Alter-natifs

Christian Lemoine

Sous les feuilles du tilleul, vénérable témoin de la cour et des labeurs de la vigne, une maison roulante a posé son châssis. Des jeunes vies tourbillonnent. Entre des tentes déployées en ailes protectrices, car la pluie baigne de son chant pénétrant les cailloux, la terre collante, trace ses rigoles moqueuses sous les pas glissants ; entre les tentes déployées circulent des envies, des plaisirs sonores, des rires de clowns apeurés, ou les insinuations à mots uniques d'une longue silhouette souple qui se joue de l'équilibre et de l'attraction. Contes à tiroir d'une autruche et d'un minot frustré infatué d'une découverte maléfique, conte végétal d'un arbre rouge havre de fleurs multicolores. Un orgue de barbarie déroule ses cartes perforées, sous la bâche, là où la veille au soir, vielle à roue et violoncelle jetaient des paires de danseurs dans des apprentissages gauches, des bourrées, des scottishs, quelque valse lente. La voix d'Alice, dans un pays de merveilles sensibles mais bienveillantes : ni chausse-trapes, ni chat moqueur, ni méchante reine.

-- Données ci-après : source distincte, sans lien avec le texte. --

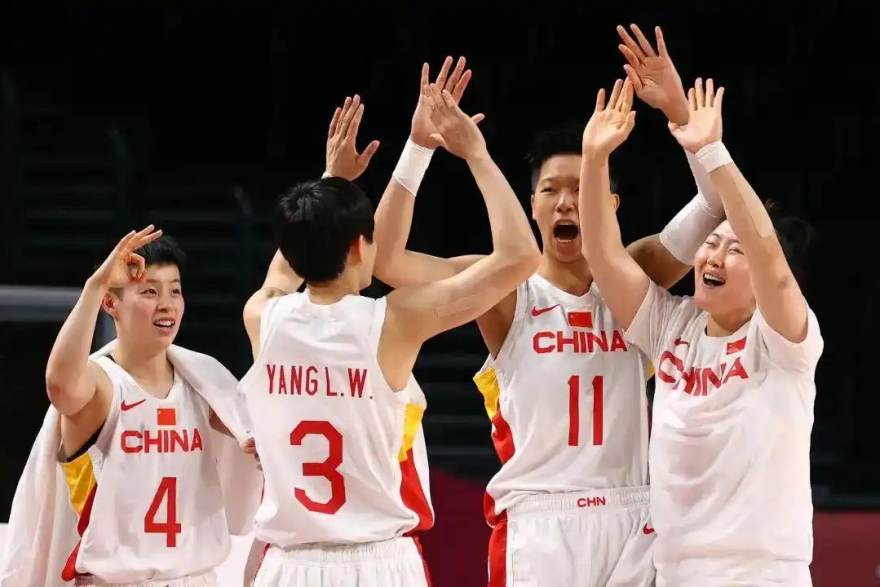 秋季冲刺阶段观察：五大联赛争冠梯队与阵容深度盘点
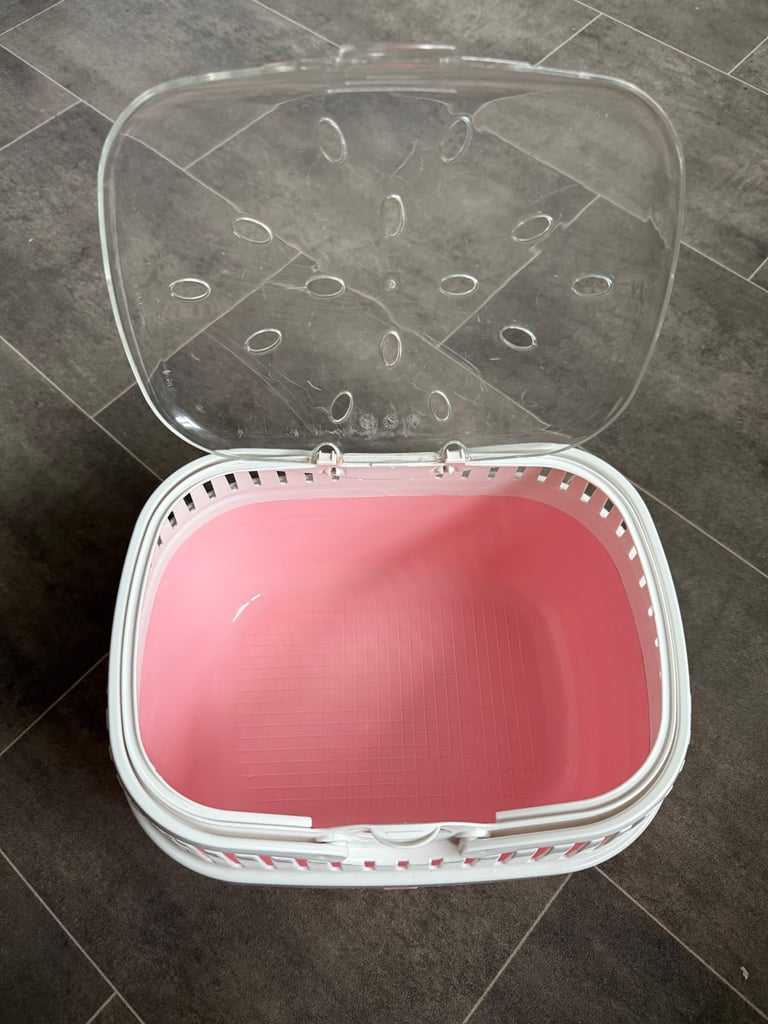 image for Pet carrier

Sous les feuilles du tilleul, un monde en naissance, quelques lendemains qui se surprennent à murmurer une mélodie subtilement joyeuse. Les grandes illusions coulent dans le lointain. Ici, la terre mouillée se plaît à tracer les empreintes des pieds des celles et ceux, des elles et eux, de celles-ci et de ceux-là qui invitent et inventent, en gestes mesurés pour le galbe d'un arceau, l'ellipse parfaite où inscrire la révolution d'une planète moins écorchée. Fi des discoureurs qui recyclent à l'infini des recettes depuis longtemps éventées ! celles-là et ceux-ci, par les mains ardues arc-boutées sur les chevilles de bois, grammairent dans la simplicité de leur jeunesse volontaire tout un dictionnaire d'amitié et de communion. Ils sont le monde qui vient, elles sont l'aube qui se dessine, Alter-Natifs, visages ouverts sur l'horizon dégagé, et leurs yeux défrichent les nuées obscures, déchiffrent les courbes arabesques des ramures, décryptent tant bien que mal les troubles ambitions de leurs sentiments confus. Que leur chemin soit sinueux, qu'importe ! Ils sont l'aube levante.